Hallucination

“They’re not real. They’re not real.” You try to tell me. 

You don’t have to convince me. 

And yet, at 3 am every morning, when the whole neighborhood is fast asleep, and you’re no longer here to remind me…they share my bed with me, their voice like a ringing in my ears. 

Their companionship is truer than yours, more persistent than all your corrective voices put together, their presence more constant than my dead husband’s ever was.

Call them my friends or my disease. Like my shadow, my smell…they accompany me my every waking moment. 

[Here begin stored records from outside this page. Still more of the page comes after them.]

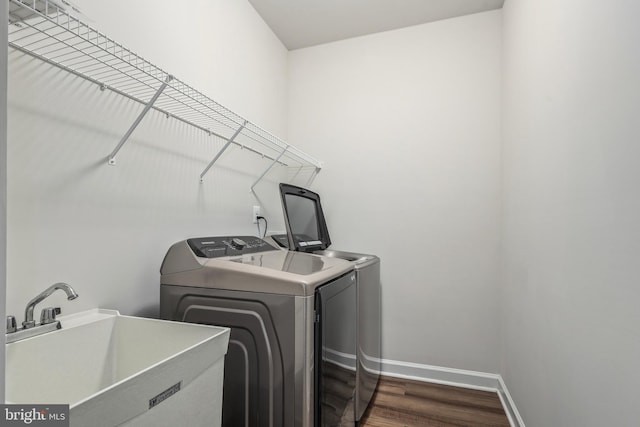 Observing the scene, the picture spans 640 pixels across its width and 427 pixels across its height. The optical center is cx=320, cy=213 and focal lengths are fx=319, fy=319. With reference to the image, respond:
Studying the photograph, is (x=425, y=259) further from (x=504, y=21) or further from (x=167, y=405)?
(x=167, y=405)

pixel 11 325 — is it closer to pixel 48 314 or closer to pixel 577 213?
pixel 48 314

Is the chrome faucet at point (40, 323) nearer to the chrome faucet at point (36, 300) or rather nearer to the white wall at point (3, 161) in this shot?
the chrome faucet at point (36, 300)

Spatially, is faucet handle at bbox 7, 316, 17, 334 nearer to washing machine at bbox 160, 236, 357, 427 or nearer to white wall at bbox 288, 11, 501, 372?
washing machine at bbox 160, 236, 357, 427

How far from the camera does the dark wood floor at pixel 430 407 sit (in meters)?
1.86

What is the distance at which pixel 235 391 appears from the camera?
48.1 inches

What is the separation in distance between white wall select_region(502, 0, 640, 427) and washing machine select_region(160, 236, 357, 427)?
874 millimetres

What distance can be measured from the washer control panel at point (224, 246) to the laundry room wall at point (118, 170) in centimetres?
20

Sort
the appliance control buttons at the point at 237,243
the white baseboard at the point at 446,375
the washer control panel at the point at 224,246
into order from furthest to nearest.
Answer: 1. the white baseboard at the point at 446,375
2. the appliance control buttons at the point at 237,243
3. the washer control panel at the point at 224,246

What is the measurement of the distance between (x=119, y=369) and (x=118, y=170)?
736 millimetres

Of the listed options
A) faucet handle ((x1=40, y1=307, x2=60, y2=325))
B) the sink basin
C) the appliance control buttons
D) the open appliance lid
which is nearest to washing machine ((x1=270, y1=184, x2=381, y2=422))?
the open appliance lid

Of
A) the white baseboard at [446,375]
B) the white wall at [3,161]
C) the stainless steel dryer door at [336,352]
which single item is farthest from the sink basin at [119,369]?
the white baseboard at [446,375]

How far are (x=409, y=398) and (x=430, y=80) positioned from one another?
7.54 ft

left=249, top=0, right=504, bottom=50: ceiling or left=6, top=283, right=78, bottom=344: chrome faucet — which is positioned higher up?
left=249, top=0, right=504, bottom=50: ceiling

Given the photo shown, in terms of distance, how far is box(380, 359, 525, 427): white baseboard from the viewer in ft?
7.35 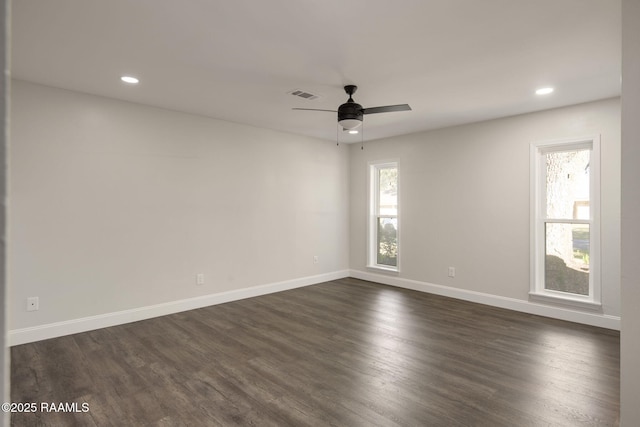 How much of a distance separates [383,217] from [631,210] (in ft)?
15.6

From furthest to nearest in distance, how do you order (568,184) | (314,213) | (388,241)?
(388,241) < (314,213) < (568,184)

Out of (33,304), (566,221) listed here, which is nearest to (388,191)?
(566,221)

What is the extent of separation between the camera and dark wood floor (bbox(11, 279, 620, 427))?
7.76 ft

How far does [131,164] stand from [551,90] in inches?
188

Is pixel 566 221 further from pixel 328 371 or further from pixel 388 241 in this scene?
pixel 328 371

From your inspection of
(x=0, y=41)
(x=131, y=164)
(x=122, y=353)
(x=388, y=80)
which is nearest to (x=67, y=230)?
(x=131, y=164)

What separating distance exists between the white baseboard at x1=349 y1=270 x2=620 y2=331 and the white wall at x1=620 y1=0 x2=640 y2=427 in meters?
2.74

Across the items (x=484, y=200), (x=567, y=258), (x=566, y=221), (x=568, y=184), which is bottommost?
(x=567, y=258)

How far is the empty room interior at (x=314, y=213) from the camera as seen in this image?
2410 millimetres

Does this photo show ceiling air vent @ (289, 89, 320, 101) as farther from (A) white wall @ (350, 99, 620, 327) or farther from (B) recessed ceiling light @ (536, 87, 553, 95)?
(A) white wall @ (350, 99, 620, 327)

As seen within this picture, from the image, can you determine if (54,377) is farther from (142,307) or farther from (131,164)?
(131,164)

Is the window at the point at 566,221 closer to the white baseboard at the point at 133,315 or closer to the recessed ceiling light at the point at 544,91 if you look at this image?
the recessed ceiling light at the point at 544,91

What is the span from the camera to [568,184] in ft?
14.5

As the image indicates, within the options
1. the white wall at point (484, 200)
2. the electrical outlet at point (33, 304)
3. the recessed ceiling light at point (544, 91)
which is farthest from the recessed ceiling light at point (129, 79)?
the recessed ceiling light at point (544, 91) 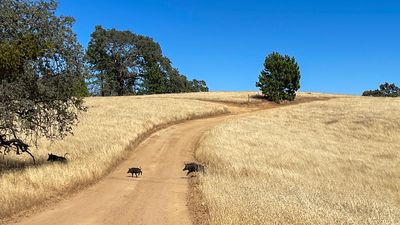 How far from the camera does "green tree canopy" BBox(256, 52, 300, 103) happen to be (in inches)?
2739

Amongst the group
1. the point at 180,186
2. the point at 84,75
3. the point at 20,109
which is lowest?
the point at 180,186

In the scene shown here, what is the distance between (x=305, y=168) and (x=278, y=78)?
1880 inches

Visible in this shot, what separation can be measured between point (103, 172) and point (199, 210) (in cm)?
760

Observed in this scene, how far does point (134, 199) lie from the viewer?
14086 mm

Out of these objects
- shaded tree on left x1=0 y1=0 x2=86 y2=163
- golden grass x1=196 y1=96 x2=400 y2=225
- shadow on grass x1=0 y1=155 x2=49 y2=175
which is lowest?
golden grass x1=196 y1=96 x2=400 y2=225

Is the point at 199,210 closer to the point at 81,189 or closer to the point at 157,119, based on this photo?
the point at 81,189

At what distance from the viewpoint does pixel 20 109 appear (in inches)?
623

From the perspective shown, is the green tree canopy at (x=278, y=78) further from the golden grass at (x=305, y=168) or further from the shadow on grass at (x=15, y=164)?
the shadow on grass at (x=15, y=164)

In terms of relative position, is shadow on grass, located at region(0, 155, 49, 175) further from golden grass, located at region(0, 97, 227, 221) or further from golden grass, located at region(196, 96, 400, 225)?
golden grass, located at region(196, 96, 400, 225)

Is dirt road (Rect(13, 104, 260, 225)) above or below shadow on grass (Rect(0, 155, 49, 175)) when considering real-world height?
below

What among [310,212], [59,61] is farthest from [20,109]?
[310,212]

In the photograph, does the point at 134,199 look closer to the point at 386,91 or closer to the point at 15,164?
the point at 15,164

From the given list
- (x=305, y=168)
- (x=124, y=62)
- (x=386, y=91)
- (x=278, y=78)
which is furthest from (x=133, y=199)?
(x=386, y=91)

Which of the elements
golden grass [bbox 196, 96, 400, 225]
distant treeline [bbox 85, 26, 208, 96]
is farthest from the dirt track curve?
distant treeline [bbox 85, 26, 208, 96] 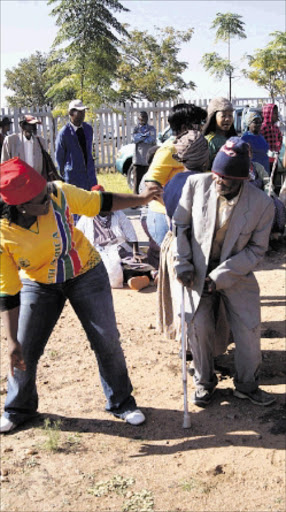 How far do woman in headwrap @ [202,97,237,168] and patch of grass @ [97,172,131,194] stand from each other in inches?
330

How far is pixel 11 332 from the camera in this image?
354cm

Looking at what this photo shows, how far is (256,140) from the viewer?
8.68 m

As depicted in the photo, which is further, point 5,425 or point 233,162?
point 5,425

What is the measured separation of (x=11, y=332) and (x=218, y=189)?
168cm

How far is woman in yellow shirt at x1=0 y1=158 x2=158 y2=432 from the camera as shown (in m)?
3.45

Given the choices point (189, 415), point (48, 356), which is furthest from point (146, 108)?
point (189, 415)

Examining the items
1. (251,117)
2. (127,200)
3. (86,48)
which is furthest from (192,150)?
(86,48)

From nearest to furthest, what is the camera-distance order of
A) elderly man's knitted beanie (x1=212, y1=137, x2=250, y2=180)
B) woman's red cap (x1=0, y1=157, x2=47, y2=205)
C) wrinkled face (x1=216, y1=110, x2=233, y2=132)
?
woman's red cap (x1=0, y1=157, x2=47, y2=205) → elderly man's knitted beanie (x1=212, y1=137, x2=250, y2=180) → wrinkled face (x1=216, y1=110, x2=233, y2=132)

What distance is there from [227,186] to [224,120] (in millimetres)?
1748

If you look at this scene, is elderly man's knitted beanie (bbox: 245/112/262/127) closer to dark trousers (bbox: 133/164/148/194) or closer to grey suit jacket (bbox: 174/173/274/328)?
dark trousers (bbox: 133/164/148/194)

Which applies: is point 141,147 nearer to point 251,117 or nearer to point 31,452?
point 251,117

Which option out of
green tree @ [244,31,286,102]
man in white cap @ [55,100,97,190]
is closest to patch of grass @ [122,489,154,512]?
man in white cap @ [55,100,97,190]

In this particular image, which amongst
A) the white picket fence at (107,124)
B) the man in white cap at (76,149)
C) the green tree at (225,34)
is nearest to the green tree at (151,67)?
the green tree at (225,34)

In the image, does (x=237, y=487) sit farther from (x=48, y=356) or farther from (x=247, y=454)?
(x=48, y=356) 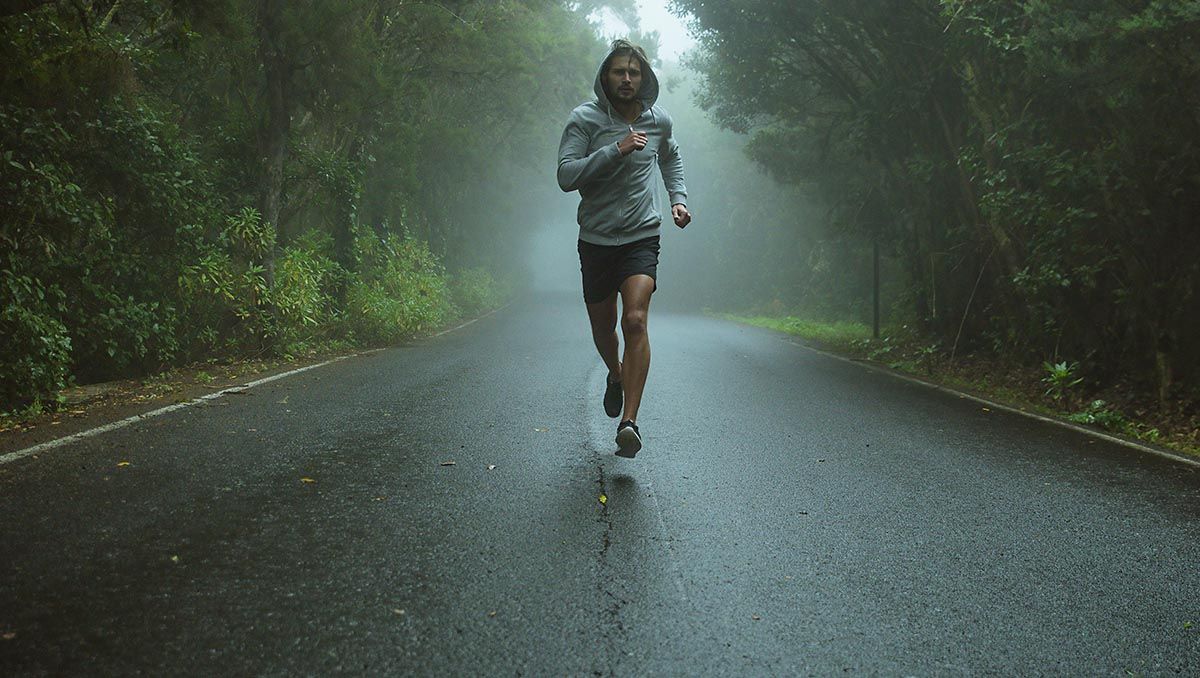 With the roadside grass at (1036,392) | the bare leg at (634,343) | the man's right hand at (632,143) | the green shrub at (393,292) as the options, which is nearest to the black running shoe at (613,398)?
the bare leg at (634,343)

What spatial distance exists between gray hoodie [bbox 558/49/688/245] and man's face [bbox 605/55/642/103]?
7 centimetres

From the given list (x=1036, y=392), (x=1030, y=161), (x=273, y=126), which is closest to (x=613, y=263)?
(x=1030, y=161)

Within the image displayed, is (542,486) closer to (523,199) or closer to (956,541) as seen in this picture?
(956,541)

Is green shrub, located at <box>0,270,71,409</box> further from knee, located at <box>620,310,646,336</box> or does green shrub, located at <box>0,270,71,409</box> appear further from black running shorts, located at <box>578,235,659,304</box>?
knee, located at <box>620,310,646,336</box>

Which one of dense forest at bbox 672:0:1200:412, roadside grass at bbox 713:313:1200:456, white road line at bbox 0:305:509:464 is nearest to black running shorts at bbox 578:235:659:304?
white road line at bbox 0:305:509:464

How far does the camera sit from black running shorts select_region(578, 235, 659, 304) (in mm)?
5223

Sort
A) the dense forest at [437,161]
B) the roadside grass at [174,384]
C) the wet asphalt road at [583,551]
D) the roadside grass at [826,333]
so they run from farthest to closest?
the roadside grass at [826,333], the dense forest at [437,161], the roadside grass at [174,384], the wet asphalt road at [583,551]

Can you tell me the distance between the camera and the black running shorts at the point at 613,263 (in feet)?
17.1

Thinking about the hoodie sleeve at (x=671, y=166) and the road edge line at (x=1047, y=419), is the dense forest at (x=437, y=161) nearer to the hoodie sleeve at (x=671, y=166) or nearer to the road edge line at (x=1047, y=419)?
the road edge line at (x=1047, y=419)

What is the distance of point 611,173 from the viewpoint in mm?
5238

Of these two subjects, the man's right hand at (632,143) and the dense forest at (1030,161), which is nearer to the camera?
the man's right hand at (632,143)

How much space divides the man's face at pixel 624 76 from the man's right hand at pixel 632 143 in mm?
324

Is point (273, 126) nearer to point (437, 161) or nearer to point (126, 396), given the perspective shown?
point (126, 396)

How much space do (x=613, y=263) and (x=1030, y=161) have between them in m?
5.79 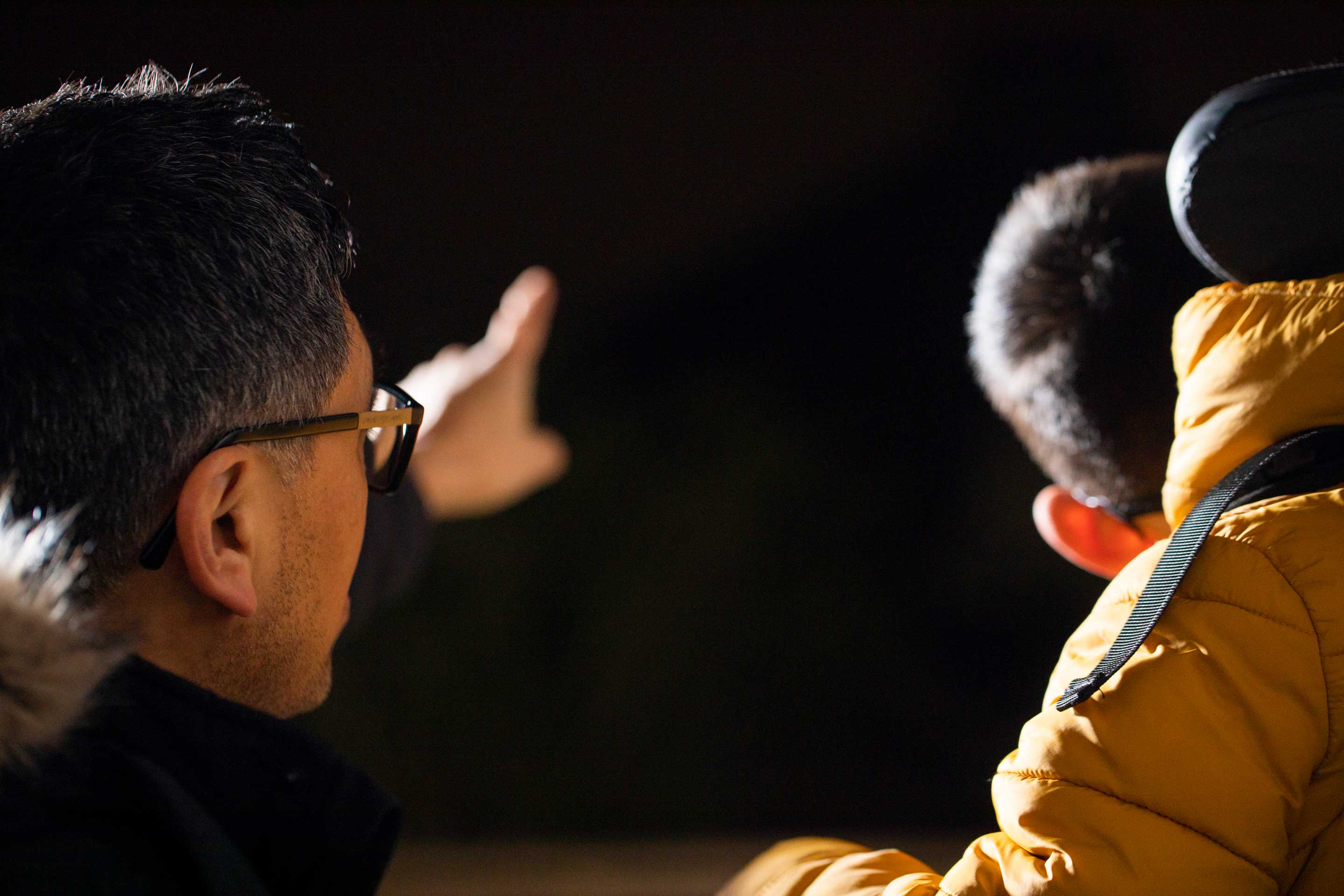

{Sometimes…I wish I believed in God. Maybe this will make more sense?}

You can find brief descriptions of different kinds of Hallucination here. For a longer and more literary read, you can also consider reading Oliver Sacks’ book on Hallucination, which he discusses in this podcast. [Please note, when they talk about drug induced hallucination, it’s important to remember, as they themselves briefly touch upon, that knowing that the hallucinations are medically induced and will soon end helps to make them bearable for a neurologist like Oliver Sacks (and makes for good stories later). When listening to such stories, one should keep in mind that those who experience hallucinations induced by psychosis, trauma or other psychological causes, don’t have the luxury of knowing when and if these visions/ voices/ sensations will ever end, and may sometimes experience them all their lives. By sharing this podcast, I do not want to undermine the long and painful presence these hallucinations make for many people’s lives who cannot get rid of them as easily as Sacks did. But of course, when discussing a book on radio, one tends to focus on the more juicy parts of it.]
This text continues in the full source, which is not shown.